Billionaire investor Warren Buffett sold his stake in Delta Air Lines and other major U.S. carriers, portending rough skies ahead for the airline industry.
The move drove a drop in Atlanta-based Delta's already-deflated stock price after markets opened Monday. Delta shares were trading in the $21 to $22 range midmorning, down nearly 10% from Friday's close. Delta stock had been as high as $62 in mid-January but began a steep decline in late February as the coronavirus spread.
Buffett's Berkshire Hathaway had been investing in airlines since 2016, spending $7 billion to $8 billion to buy 10% of Delta, American, United and Southwest.
But in comments at his company's annual meeting Saturday, he said he thinks the airline business "changed in a very major way," in part because Delta and other airlines have borrowed billions of dollars to stay afloat and will have to pay that back over time.
Buffett emphasized that the decision to sell "was not in any way the fault of four excellent CEOs." He said the downturn in travel is affecting hotels, cruises and theme parks, "but the airline business in particular."
Delta said it is aware of Buffett's announcement about the sale of all airline holdings, including Delta's, and said in a written statement that "we have tremendous respect for Mr. Buffett and the Berkshire team."

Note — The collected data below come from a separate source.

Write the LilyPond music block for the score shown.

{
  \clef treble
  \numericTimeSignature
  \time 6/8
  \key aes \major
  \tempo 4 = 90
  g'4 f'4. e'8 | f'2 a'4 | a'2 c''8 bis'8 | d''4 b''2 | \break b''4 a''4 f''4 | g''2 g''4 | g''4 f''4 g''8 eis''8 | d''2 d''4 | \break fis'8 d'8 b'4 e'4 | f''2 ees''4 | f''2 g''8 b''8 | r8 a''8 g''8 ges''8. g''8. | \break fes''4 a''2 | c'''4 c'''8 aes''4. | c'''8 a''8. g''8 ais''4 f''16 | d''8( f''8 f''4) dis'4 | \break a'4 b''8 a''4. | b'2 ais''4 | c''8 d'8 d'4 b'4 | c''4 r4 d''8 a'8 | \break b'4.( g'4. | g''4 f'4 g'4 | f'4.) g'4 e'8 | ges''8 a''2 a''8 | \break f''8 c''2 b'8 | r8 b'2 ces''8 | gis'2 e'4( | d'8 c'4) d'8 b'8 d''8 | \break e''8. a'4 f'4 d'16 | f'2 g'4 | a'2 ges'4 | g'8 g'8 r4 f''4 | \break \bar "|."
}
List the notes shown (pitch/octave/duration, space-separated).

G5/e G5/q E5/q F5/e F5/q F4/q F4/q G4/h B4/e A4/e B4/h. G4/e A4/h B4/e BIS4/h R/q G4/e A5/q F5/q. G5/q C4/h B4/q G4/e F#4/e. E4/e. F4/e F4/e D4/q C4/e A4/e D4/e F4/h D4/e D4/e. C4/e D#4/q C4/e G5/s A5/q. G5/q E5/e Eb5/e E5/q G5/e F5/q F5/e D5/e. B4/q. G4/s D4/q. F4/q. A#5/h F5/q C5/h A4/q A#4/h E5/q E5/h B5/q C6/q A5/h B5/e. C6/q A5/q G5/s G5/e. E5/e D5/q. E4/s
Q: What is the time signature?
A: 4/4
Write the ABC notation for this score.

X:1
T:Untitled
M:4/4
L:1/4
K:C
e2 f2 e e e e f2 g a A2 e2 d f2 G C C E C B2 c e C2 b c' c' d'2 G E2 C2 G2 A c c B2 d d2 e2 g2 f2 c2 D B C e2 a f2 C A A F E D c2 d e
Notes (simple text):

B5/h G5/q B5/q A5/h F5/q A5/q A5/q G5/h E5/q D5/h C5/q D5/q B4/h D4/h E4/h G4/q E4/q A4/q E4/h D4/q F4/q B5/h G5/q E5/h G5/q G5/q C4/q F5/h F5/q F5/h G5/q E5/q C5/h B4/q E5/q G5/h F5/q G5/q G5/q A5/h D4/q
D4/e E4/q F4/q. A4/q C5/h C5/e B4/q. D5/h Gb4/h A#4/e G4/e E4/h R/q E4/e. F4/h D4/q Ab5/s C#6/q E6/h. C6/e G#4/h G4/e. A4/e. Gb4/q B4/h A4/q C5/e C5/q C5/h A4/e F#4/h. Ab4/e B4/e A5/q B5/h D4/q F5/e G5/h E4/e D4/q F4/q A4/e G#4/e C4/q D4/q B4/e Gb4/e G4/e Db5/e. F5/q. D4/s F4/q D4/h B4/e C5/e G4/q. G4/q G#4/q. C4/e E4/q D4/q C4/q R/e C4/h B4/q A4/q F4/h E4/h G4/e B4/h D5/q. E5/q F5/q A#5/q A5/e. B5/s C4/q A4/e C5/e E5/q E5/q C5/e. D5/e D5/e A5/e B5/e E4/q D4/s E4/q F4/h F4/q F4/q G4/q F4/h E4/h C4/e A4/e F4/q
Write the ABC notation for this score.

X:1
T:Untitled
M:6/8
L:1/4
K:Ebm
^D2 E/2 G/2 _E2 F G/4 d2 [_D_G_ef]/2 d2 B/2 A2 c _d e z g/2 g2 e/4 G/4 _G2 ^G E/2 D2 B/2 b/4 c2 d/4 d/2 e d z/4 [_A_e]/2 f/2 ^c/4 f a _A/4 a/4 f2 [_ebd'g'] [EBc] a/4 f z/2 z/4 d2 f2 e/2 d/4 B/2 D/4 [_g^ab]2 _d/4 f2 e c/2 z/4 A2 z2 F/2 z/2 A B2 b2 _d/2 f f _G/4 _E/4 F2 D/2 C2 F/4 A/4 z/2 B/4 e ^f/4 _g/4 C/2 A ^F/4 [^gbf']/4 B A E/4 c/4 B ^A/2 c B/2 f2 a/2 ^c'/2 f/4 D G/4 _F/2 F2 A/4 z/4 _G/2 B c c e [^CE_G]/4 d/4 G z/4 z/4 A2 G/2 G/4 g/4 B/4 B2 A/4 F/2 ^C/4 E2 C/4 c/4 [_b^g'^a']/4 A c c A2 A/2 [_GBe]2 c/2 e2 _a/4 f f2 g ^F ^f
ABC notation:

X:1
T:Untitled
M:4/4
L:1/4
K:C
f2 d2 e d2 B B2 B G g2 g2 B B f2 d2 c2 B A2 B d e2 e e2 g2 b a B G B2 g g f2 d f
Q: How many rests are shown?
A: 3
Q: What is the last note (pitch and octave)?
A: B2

"We remain confident that the strengths that are core to Delta's business — our people, our brand, our network and our operational reliability — will endure and position Delta to succeed as a better, stronger, and more resilient airline in the future," Delta said.
Buffett said he doesn't know "whether it's two or three years from now that as many people will fly as many passenger miles as they did last year. They may and they may not, but the future is much less clear to me."